| Task details |
A picture-free, exact reproduction of the listing that follows is required.

======== Data below ========

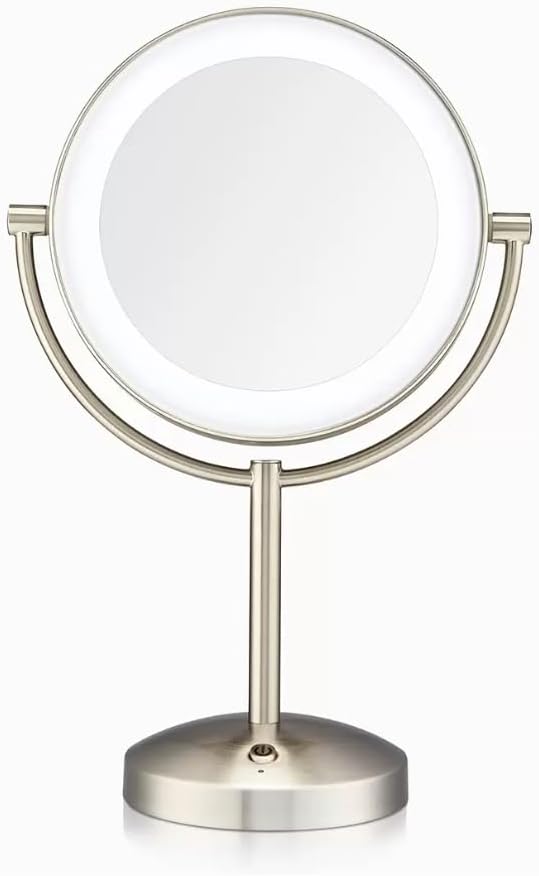 Conair Reflections Double-Sided LED Lighted Tabletop Mount Vanity Makeup Mirror, 1x/10x Magnification, Satin Nickel (Rechargeable)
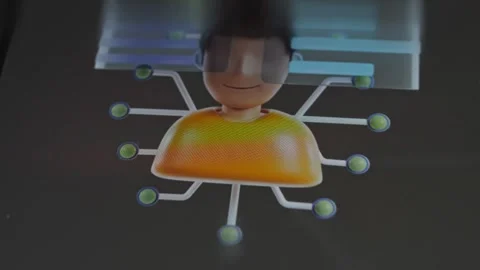 Artificial Technology graphic presentation on smartphone Stock Footage 302826817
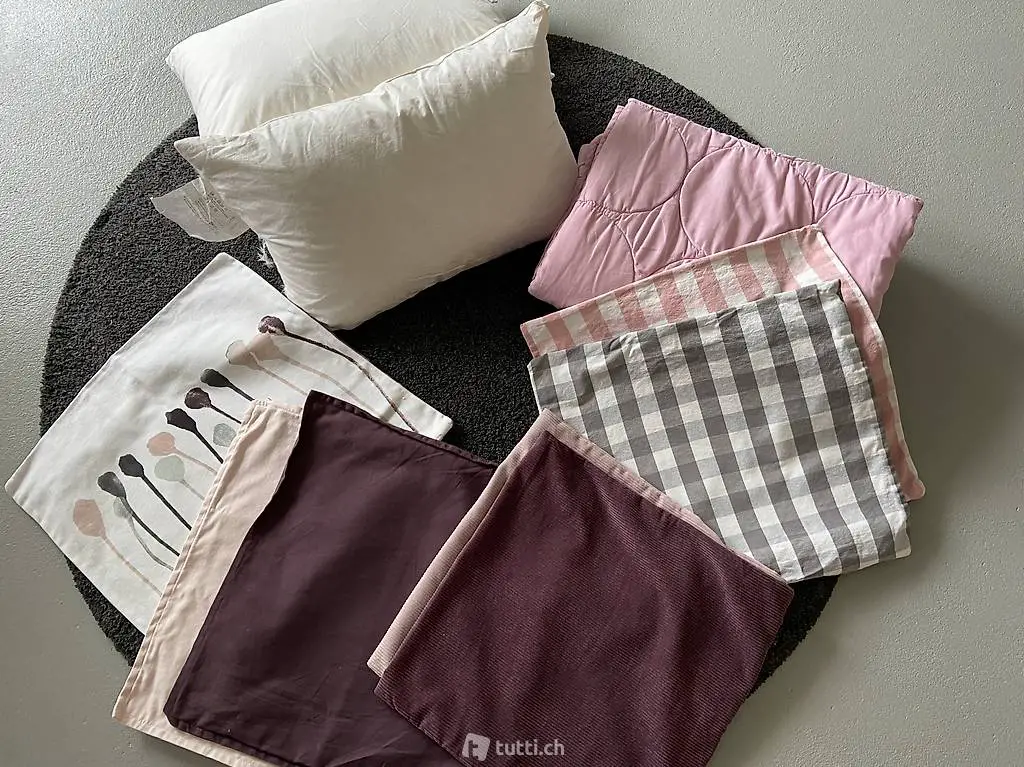 Zierkissen, Tagesdecke, Kissen, rosa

========

| Answer to this exercise |
 Conair Reflections Double-Sided LED Lighted Tabletop Mount Vanity Makeup Mirror, 1x/10x Magnification, Satin Nickel (Rechargeable)
 Artificial Technology graphic presentation on smartphone Stock Footage 302826817
 Zierkissen, Tagesdecke, Kissen, rosa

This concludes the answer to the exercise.